L’azione di colmatura di quel gap avrebbe via via subito battute d’arresto, soprattutto dopo un passaggio d’epoca da situare tra il 1981 della Fiat e, appunto, il 1984 di San Valentino, cioè la sconfitta di quello che era allora il cuore pulsante del fordismo operaio e l’eliminazione del meccanismo simbolo della cultura egualitaria di cui allora la sinistra andava fiera oppure che spesso doveva accettare obtorto collo. Poi cominciarono ristrutturazioni, dislocazioni finanziarizzazione a tutto campo e altro ancora.
E oggi Maria Elena Boschi che ci spiega che con la sua Costituzione “gli italiani” staranno meglio. Ahinoi, oltretutto una donna?

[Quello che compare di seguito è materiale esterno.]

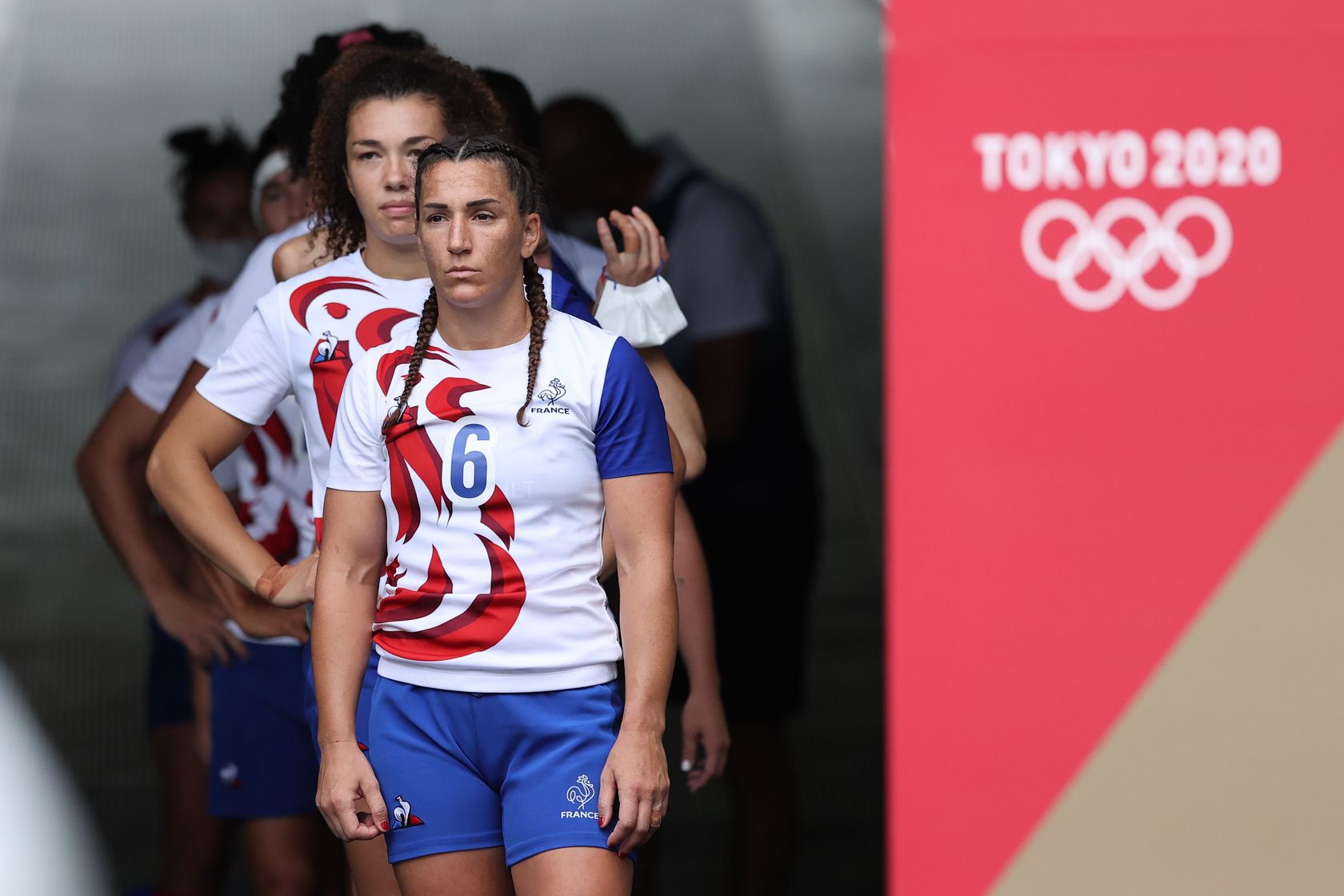 Tokyo 2020 Olympic Games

No, assolutamente nell’ordine delle cose.

Commenti

  • francesco

    C’è chi continua a dire che la presenza di più donne in politica è garanzia di migliore funzionamento della macchina statale e di maggiore giustizia sociale. La verità è che conta quali interessi di classe si vogliono rappresentare. Ecco una campionatura significativa di donne arrivate ai centri apicali del Potere:
    Golda Meir, Margaret Thatcher, “Killary” Clinton, Elsa Fornero, Federica Guidi, Mariastella Gelmini, Nunzia De Girolamo, Elena Boschi…Un vero e proprio Tsunami!
    francesco, il primo.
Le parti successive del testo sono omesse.